Какая битва? – подумал Бернар, – она отшумела и была проиграна. И случилось это не вчера и даже – хотя многие в это верят – не когда немцы вошли в Бельгию. Битва за Францию была проиграна двадцать лет назад. Когда в 1919 году мы вернулись с войны и решили повеселиться, чтобы забыть четыре окопных года, когда мы соблазнились легкими деньгами, когда целый класс общества думал и говорил: «Я! И вообще, мне на все наплевать, пока в кармане водятся деньжата». И я так думал. Я это говорил, я в это верил, как и все. Я, я, я…[382]
Большинство героев популярных «романов о бизнесе» изображались как честолюбивые выскочки сомнительного происхождения, этнические гибриды с примесью еврейской крови, часто выходцы из Восточной Европы. Это соответствовало типажу напористого, агрессивного чужака, который нарушает освященное временем благолепие западного делового мира[383]

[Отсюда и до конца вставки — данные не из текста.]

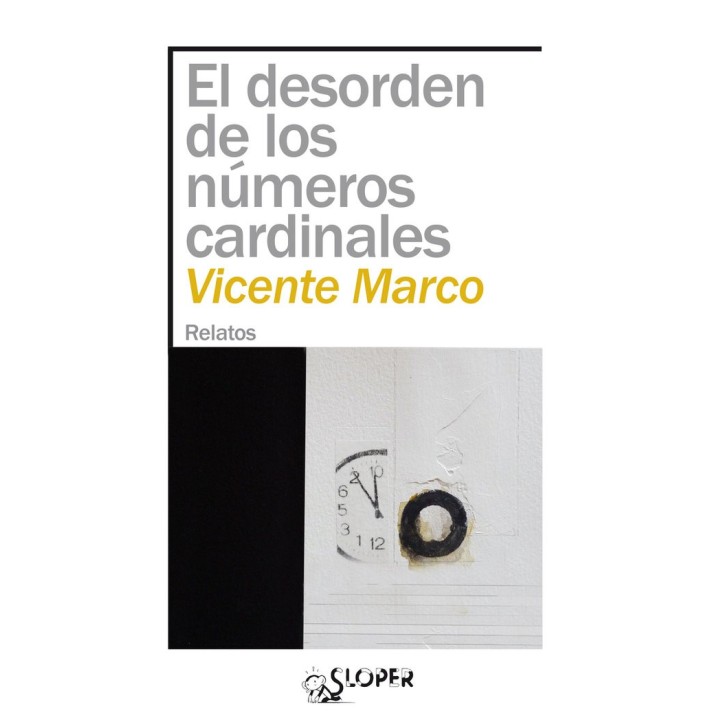 DESORDEN DE LOS NUMEROS CARDINALES,EL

. Его падение столь же внезапно, как и его взлет из полной безвестности на олигархический олимп, и поэтому, когда в 1934 году разразился скандал вокруг Стависского[384], французская публика увидела в этом подтверждение стереотипов, давно уже транслируемых культурой того времени. В середине 1930-х целый ряд французских писателей, в том числе братья Таро и Моран, начали все откровеннее обыгрывать в своих текстах антисемитские настроения. Так, согласно Морану, французская киноиндустрия была напичкана «кишащей дрянью» (racaille qui grouille) – «пиратами, как натурализованными, так и нет, которые выкарабкались из мрака Центральной Европы и Леванта к огням Елисейских Полей»[385].Наряду с евреями в роли корыстных и честолюбивых «героев» этого времени порой выступали греки. В массовой культуре Греция перестала восприниматься как колыбель европейской цивилизации и изображалась как отчетливо неевропейский, левантийский мир. Тактика ведения бизнеса, деловая этика и внешность некоторых персонажей-греков мало чем отличались от стереотипного образа еврея – это свидетельствует о том, что греков вводили в повествование исключительно как эвфемизм. Это отчетливо видно в романе Немировски «Властитель душ» (1939). Дарио Асфар, иностранный доктор-шарлатан, богатство и роскошная жизнь которого построены на нравственной и профессиональной нечистоплотности[386]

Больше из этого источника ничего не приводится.